ARTE

Em atividade até o fim da vida, xilogravurista J. Borges encantou o mundo entalhando a cultura do Nordeste

Mestre da xilogravura morreu aos 88 anos, nesta sexta-feira (26)

Publicado em: 26/07/2024 09:02 | Atualizado em: 26/07/2024 17:54

Artista começou a fazer xilogravuras em 1965 (Divulgação/Edna Silva)
Artista começou a fazer xilogravuras em 1965 (Divulgação/Edna Silva)

 

Mestre da xilogravura, o pernambucano José Francisco Borges, conhecido como J.Borges, morreu nesta sexta-feira (26), aos 88 anos.
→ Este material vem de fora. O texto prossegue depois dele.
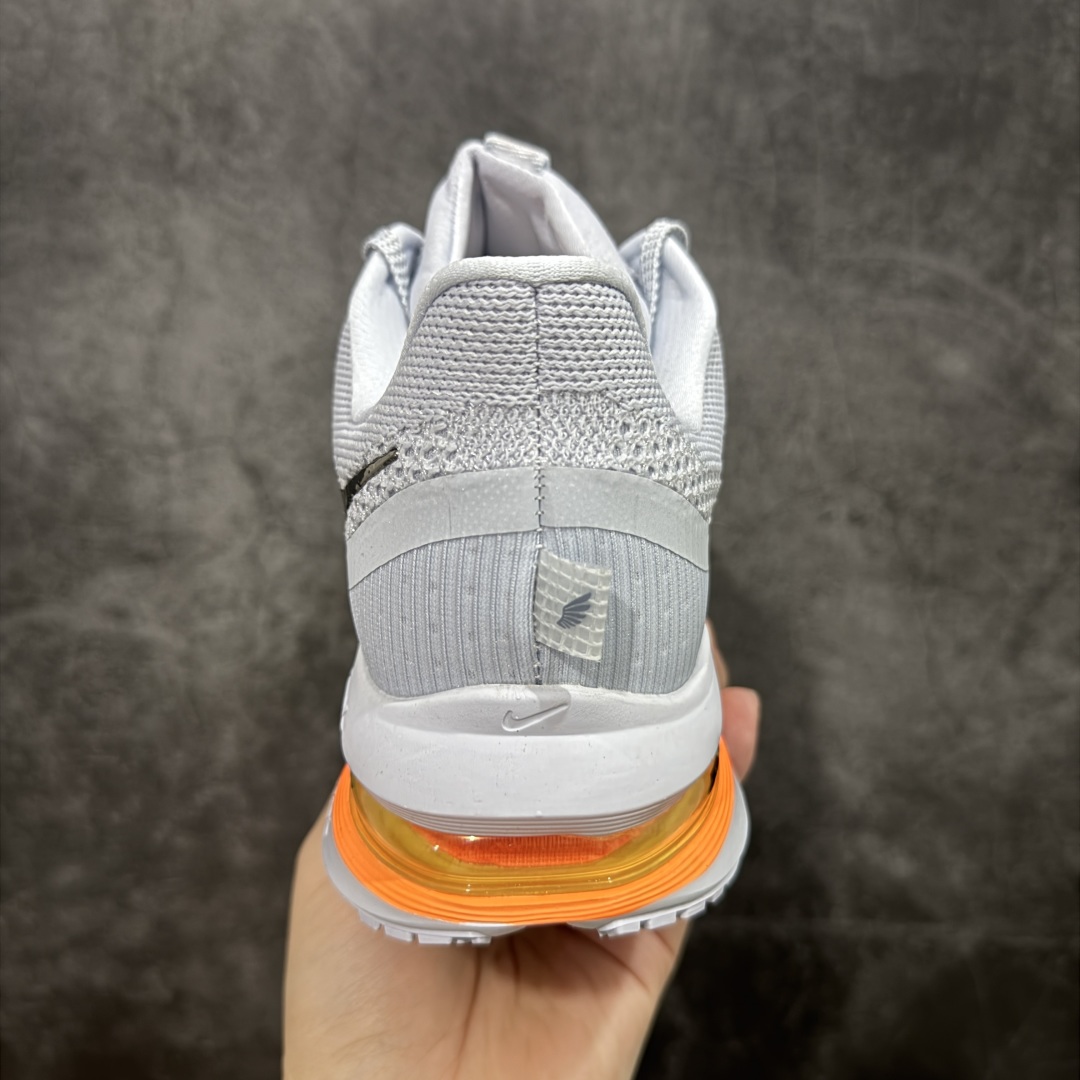 图片[4]-【XE纯原版】Nike Pegasus Premium Airscape 舒适百搭减震防滑耐磨透气 低帮跑步鞋 男女款灰橙    目前市场最强品质 原版购入开发 一切材质配件均匀原版一致 完美版型 高端玩家必推版本 高价零售必推版本 欢迎对比市面任意版本‼️ 这双鞋简直是时尚与科技的完美融合。 经典黑色鞋面，质感爆棚，搭配超亮眼的银色大勾子，瞬间成为街头焦点。 鞋侧独特小吊牌，细节满满，个性直接拉满。  脚下的全掌气垫更是亮点，红黑配色超吸睛，不仅颜值在线，缓震性能更是一绝。 不管是日常出街还是慢跑锻炼，都能给双脚极致舒适体验。  码数超全，36 – 46 码任你选！别犹豫啦，穿上它，轻松走出潮流范，开启你的时尚运动新旅程！   #独家原包 原底原料 开模打造  #原厂鞋标 高精密准度  #原楦原纸板开发 匹配原版98%以上  #后跟弧度 正确呈现  #原厂皮料 质感无敌  #皮料切割干净 无任何毛边 清洁度细节完美  货号：HQ2592-002 码段：36-46-选品中心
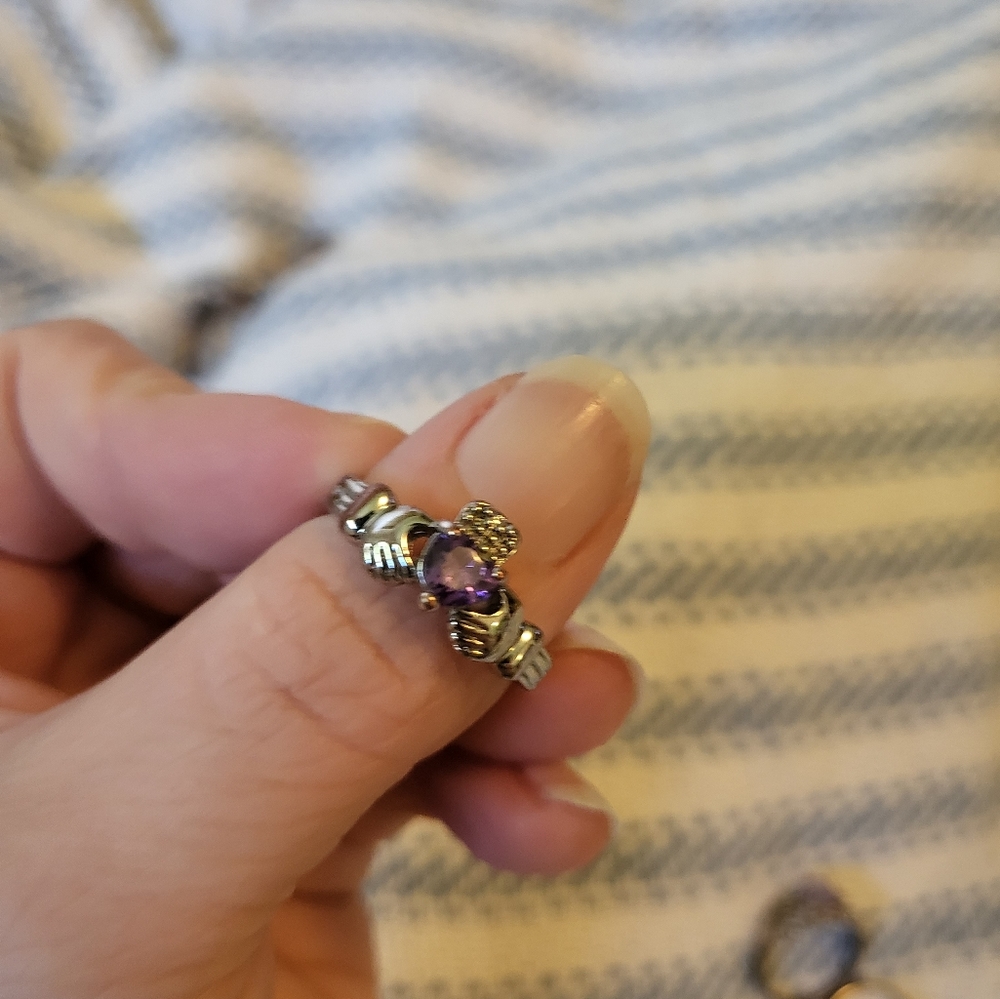 Set of 6 Amethyst/Purple stone rings Sz 6 - Picture 3 of 7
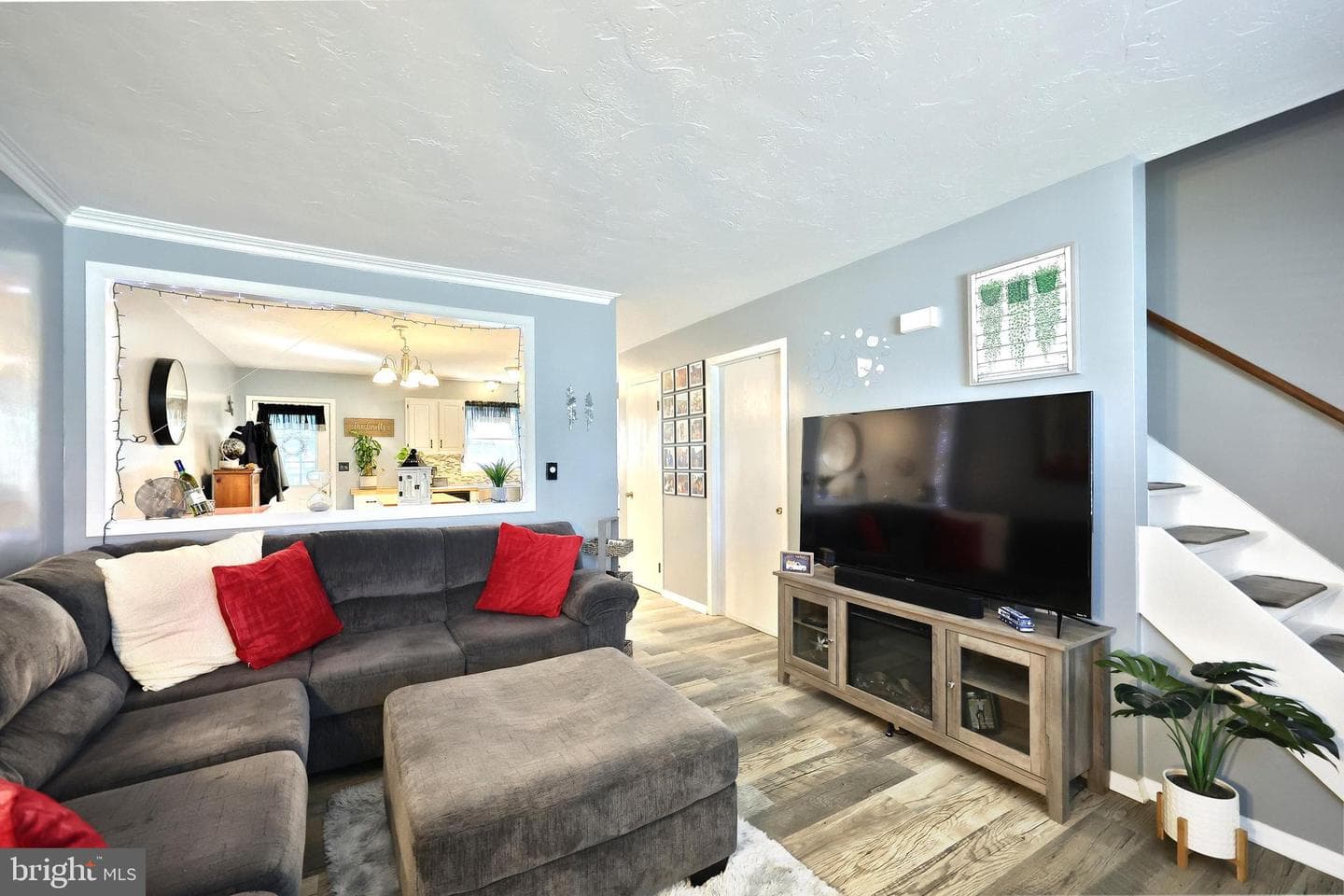 319 Manor Street photo 19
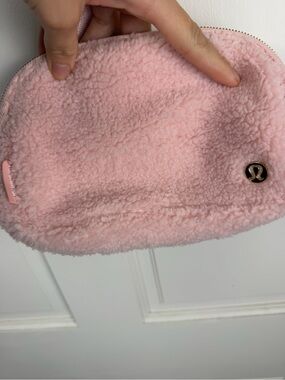 Lululemon Everywhere Belt Bag 1L Fleece Gold Hardware Pink Mist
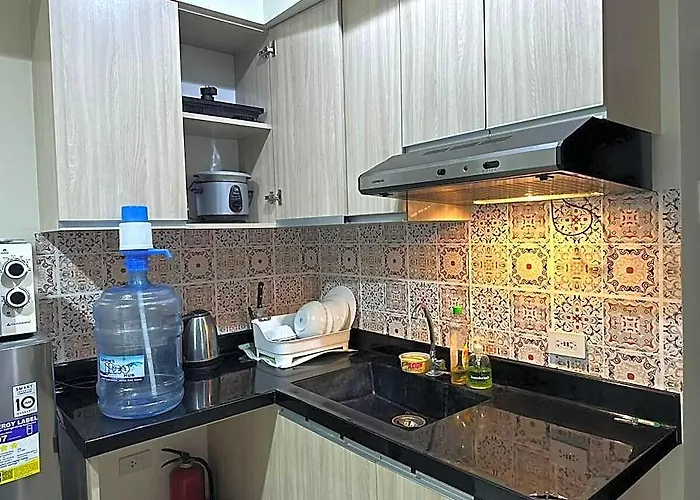 5-guest Seaview Flat Near Ayala Cbp Wi-fi Pool Gym 3*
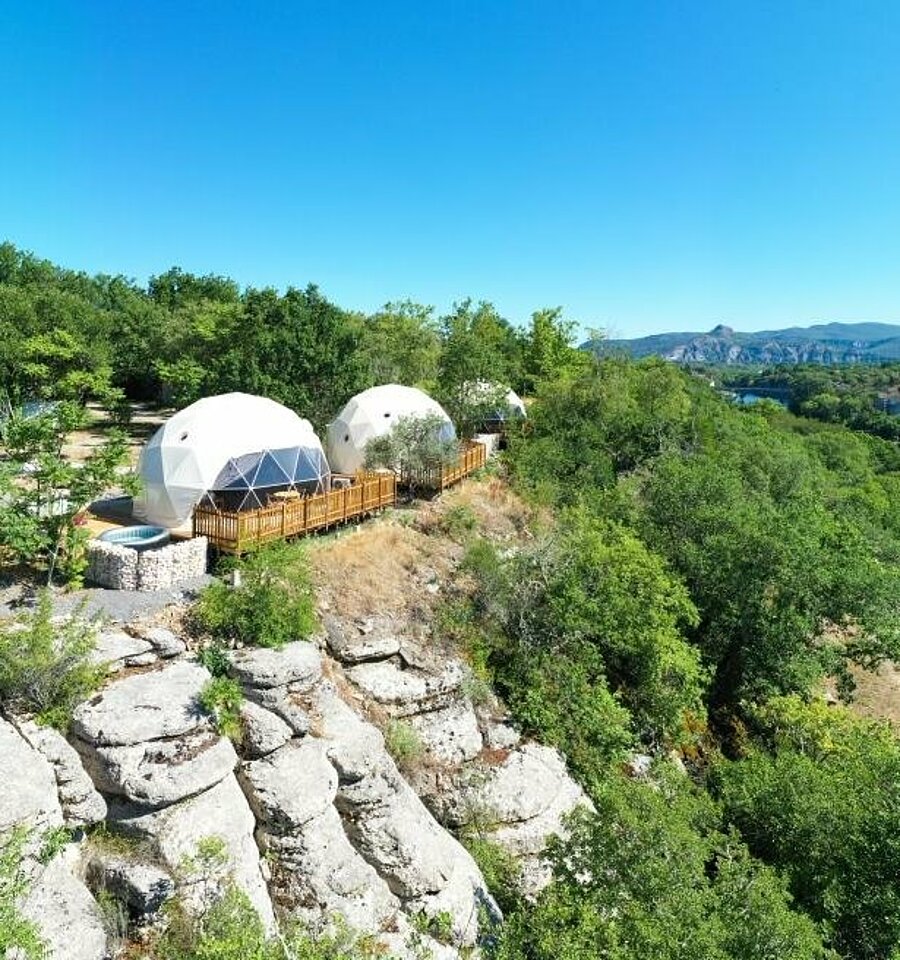 Unieke geodetische koepelaccommodaties met panoramisch uitzicht op de natuurlijke landschappen van Auvergne-Rhône-Alpes, perfect voor een bijzondere kampeerervaring.
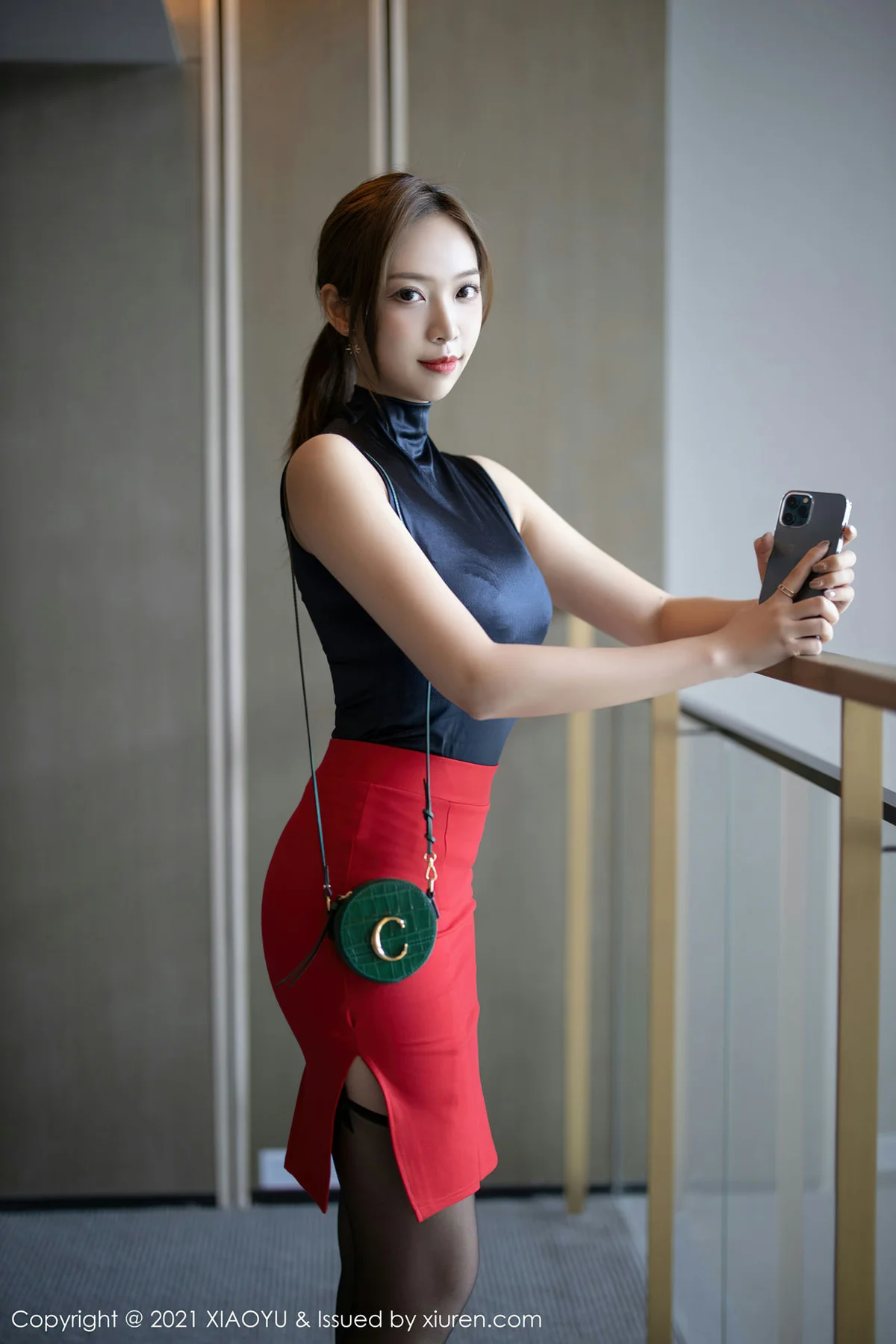 XIAOYU  语画界 Vol.491 黑丝吊袜都市OL 郑颖姗 性感写真 - 1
Em atividade até o fim da vida, o artista nascido em Bezerros deixa legado inestimável à cultura nordestina, que teve suas cores, costumes e imaginário ressaltados por ele ao mundo a partir de entalhes em imburana e louro canela.

 

Um dos 16 filhos dos agricultores Joaquim Francisco Borges e Maria Francisca da Conceição, J. Borges nasceu no dia 20 de dezembro de 1935, no Sítio Piroca, a aproximadamente 15 quilômetros do Centro de Bezerros. O início de seu envolvimento com a arte ele atribuía ao pai.

 

"A gente se divertia ouvindo ele ler cordel. Então, o cordeu nasceu em mim quando eu era criança. E meu pai era simples agricultor e não entendia nada de arte. Ele lia pra mim e os outros irmãos", contou em J. Borges: Entre fábulas e astúcia, biografia escrita pela jornalista Maria Alice Amorim.

 

Antes de se descobrir xilogravurista, J. Borges se tornou poeta cordelista. Foi a literatura que o levou aos desenhos entalhados em madeira. Sem dinheiro para pagar um ilustrador, resolveu ele mesmo fazer a capa de seu segundo folheto: O verdadeiro aviso de frei Damião sobre os castigos que vêm, em 1965.

 

Primeiro cordel ilustrado por J. Borges (Reprodução)
Primeiro cordel ilustrado por J. Borges (Reprodução)
 

 

"Com 20 anos, entendi de comprar e vender cordel nas feiras. Eu já trabalhava de carpinteiro, de marceneiro, e no fim de semana, ia para a feira. Me deu vontade de escrever. Mostrei para um amigo que já era veterano e ele disse que estava muito bom. Imprimimos um milheiro. Eu vendi dentro de um mês, reimprimi e cuidei de escrever outro. Aí comecei escrevendo e ilustrando. Quando eu já tinha uns dez, outros cordelistas começaram a encomendar: um vaqueiro, um casal, um pé de árvore, um passarinho", relembrou em entrevista ao Diario, em 2023, no Memorial J. Borges, seu ateliê, em Bezerros.

 

 

O trabalho de Borges começou a ganhar projeção nos anos 70, quando ele conheceu o escritor e dramaturgo Ariano Suassuna.

 

"Quando Ariano viu, ele disse: ‘onde é que mora essa fera? Eu quero conhecer essa pessoa’. Depois que ele falou que eu era o melhor do Nordeste e o melhor do Brasil, aí encaminharam e eu não tive mais sossego, até hoje", brincou o mestre.

 

Em quase sete décadas de trabalho, o pernambucano produziu uma extensa obra, que vai desde a ilustração de livros de escritores como Eduardo Galeano e José Saramago a uma versão de A Sagrada Família entregue pelo presidente Luiz Inácio Lula da Silva ao papa Francisco.

 

Ao viver, a biógrafa Maria Alice Amorim destacou a influência e impacto do artista no cenário cultural pernambucano e brasileiro. "Ele conseguia conquistar as pessoas com a conversa, com o sorriso. Sempre me chamou a atenção a capacidade de reinventar-se, esse espírito de fabulação, essa disponibilidade para interagir com as pessoas e, sobretudo, de liderar e aglutinar para trabalhar em equipe", afirmou.

 

"Com muita vitalidade, ao longo das décadas de atuação, ele buscou se adaptar às novas demandas relacionadas ao universo do cordel e da xilogravura, por isso se manteve atuante, produzindo, inserido nos circuitos artísticos e no mercado. Viveu até os últimos momentos com disposição, alegria, vitalidade. E a mesma gigantesca memória de toda a vida", completou.